Fabulations féministes au cinéma
Professeure : Émilie Notéris
Option : Art
Semestres : 1 et 2
Type de cours : séminaire
Spécialité du cours : Cours pratique et théorique
Présentation
Dans bien des situations, la qualification de fable tient essentiellement lieu de disqualification. La fiction serait mensongère alors que l’examen objectif des faits préserverait la vérité de la souillure des affects, des sentiments, des impressions, ou autres intuitions. Parler de fable reviendrait alors à rétrograder, à faire glisser discrètement dans les ornières, certaines idées tractées par les pauvres, ou les minorités, afin de laisser passer en grandes pompes le carrosse des puissants que l’on caractérisera préférablement de récit. Autre nom de code d’un mode de prescription (non-sollicitée), posologie arbitraire d’une vérité unifiée autant que simplificatrice. À contre-courant de cette disqualification, le philosophe Gilles Deleuze, préconisait, dans L’Image-temps, le recours à la fabulation pour faire émerger des contre-récits : « Ce qui s’oppose à la fiction, ce n’est pas le réel, ce n’est pas la vérité qui est toujours celle des maîtres ou des colonisateurs, c’est la fonction fabulatrice des pauvres, en tant qu’elle donne au faux la puissance qui en fait une mémoire, une légende, un monstre. [...] Ce que le cinéma doit saisir, ce n’est pas l’identité d’un personnage, réel ou fictif, à travers ses aspects objectifs et subjectifs.
C’est le devenir du personnage réel quand il se met lui-même à "fictionner", quand il entre "en flagrant délit de légender" et contribue ainsi à l’invention de son peuple. Le personnage n’est pas séparable d’un avant et d’un après, mais qu’il réunit dans le passage d’un état à l’autre. Il devient lui-même un autre, quand il se met à fabuler sans jamais être fictif. Et le cinéaste de son côté devient un autre quand il "s’intercède" ainsi des personnages réels qui remplacent en bloc ses propres fictions par leurs propres fabulations »
Objectifs pédagogiques
Familiarisation avec la recherche, compréhension du rôle de l’imaginaire dans la structuration des sociétés.

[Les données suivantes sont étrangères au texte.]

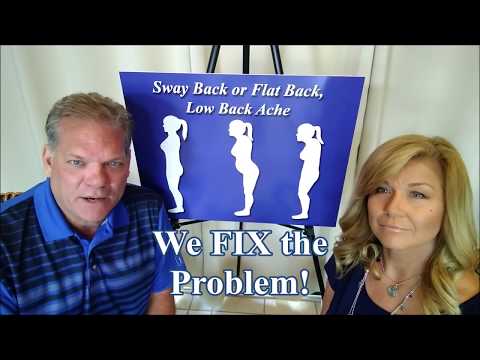 SWAY, FLAT BACK & BACK ACHE:  FIND THE ORIGIN END THE PAIN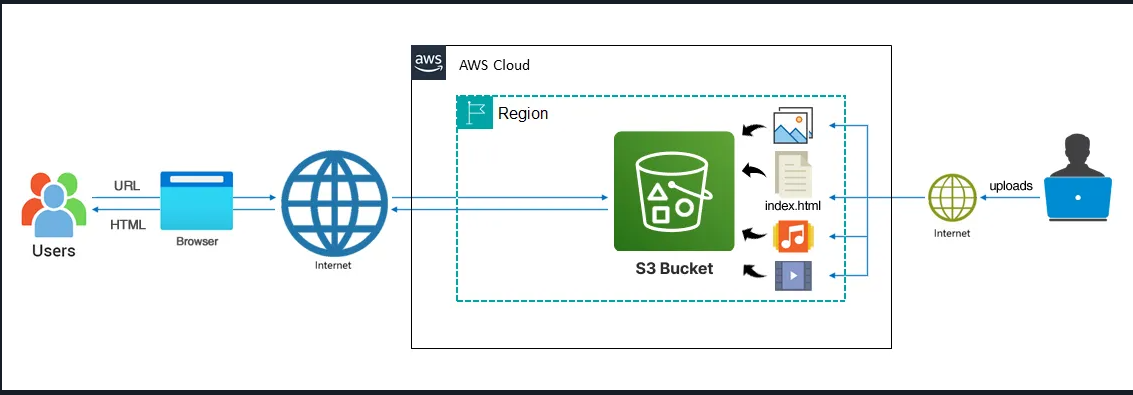 Hosting Static Website on Amazon S3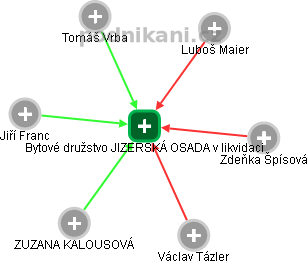 Bytové družstvo JIZERSKÁ OSADA v likvidaci - obrázek vizuálního zobrazení vztahů obchodního rejstříku
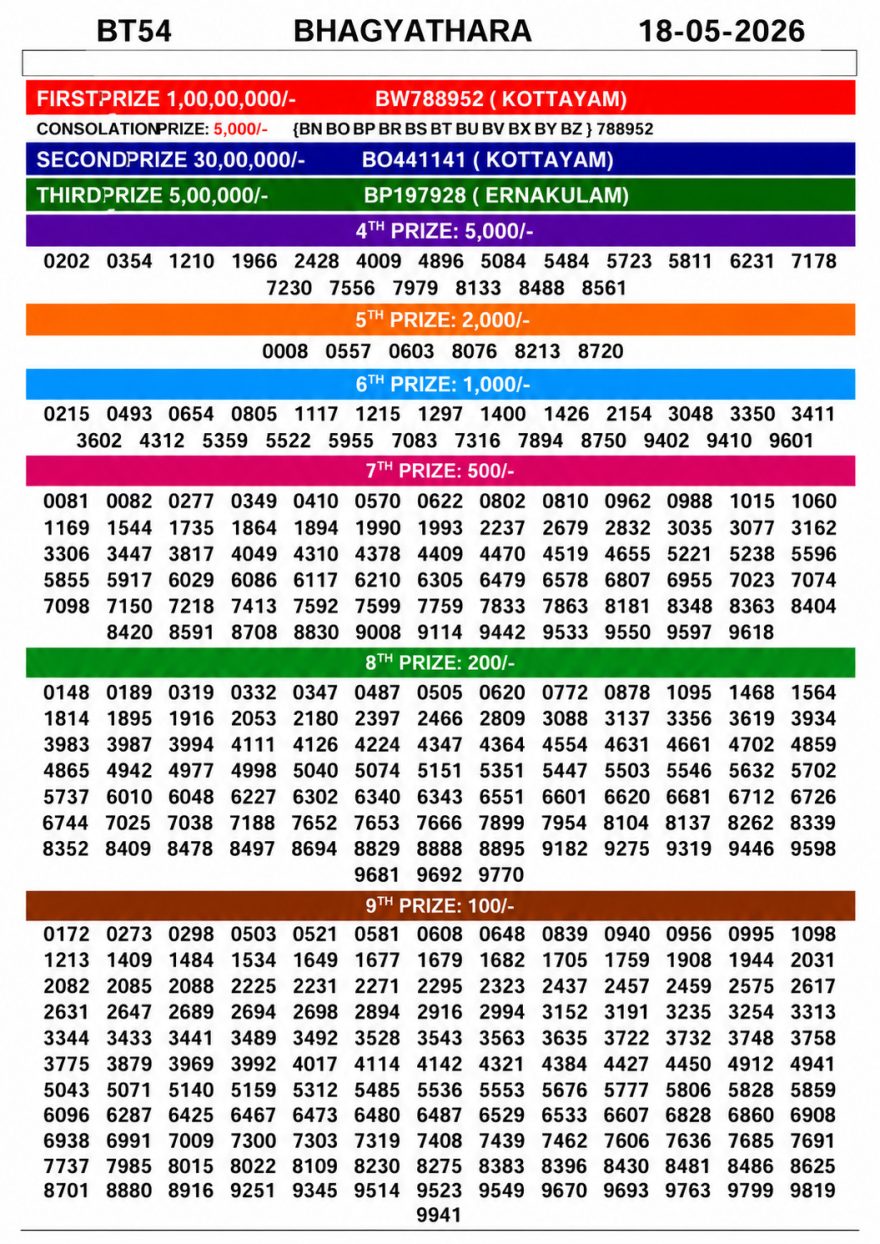 Lottery Result Today 18.05.26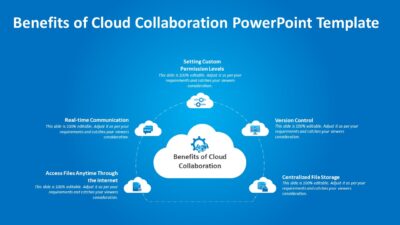 Benefits of Cloud Collaboration PowerPoint Template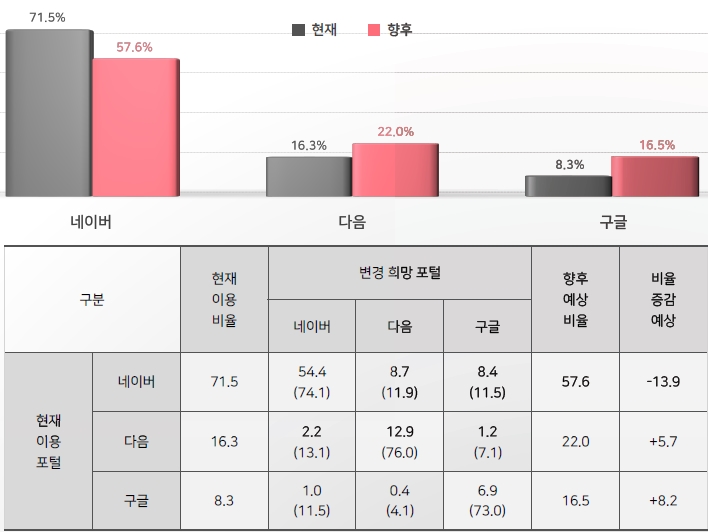 보드타임 이미지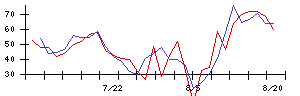 リンナイの値上がり確率推移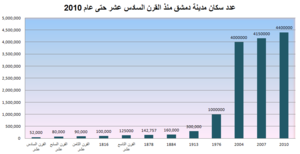 رسم بياني لعدد سكان دمشق.png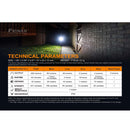 Fenix E03R 260 Lumens Keychain Flashlight USB充電輕便匙扣燈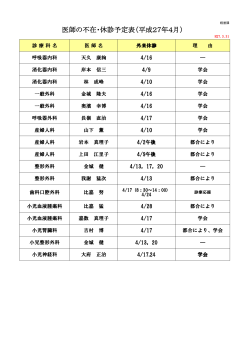 医師の不在・休診予定表（平成27年4月）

Contenu du cours et méthode
Cette enquête que nous mènerons ensemble visera donc à mieux comprendre les méthodes ou projets cinématographiques autorisant à trianguler ou à géolocaliser à travers les couches successives du temps des pratiques qui ainsi rassemblées donnent visage à une existence minorée et simultanément contribuent à inventer un peuple. Il s’agira d’activer la « fonction fabulatrice des pauvres », des laissé·é·s pour compte, des vies infâmes, parallèles ou rebelles.
Modalités d'évaluation
L’évaluation se fera sur la base de la participation, de la présence et de l’engagement sans obligation de résultat particulier attendu.
Bibliographie
- Laura Poitras, Toute la beauté et le sang versé, 2022
 - Alice Diop, Saint Omer, 2022
 - Mona Achache, Little girl blue, 2023
 - Lina Soualem, Bye Bye Tibériade, 2023
 - Mati Diop, Dahomey, 2024
 - Gilles Deleuze, L’Image-Temps, Cinéma II, Chapitre VI « les puissances du faux », Éditons de Minuit, 1985
 - Michel Foucault, « La vie des hommes infâmes », Les Cahiers du chemin, n°29, 15 janvier 1977
 - Michel Foucault, Herculine Barbin dite Alexina B., Gallimard, 1978
 - Saidiya Hartman, Vies rebelles, Histoires intimes de filles noires en révolte, de radicales queers et de femmes dangereuses, 2024.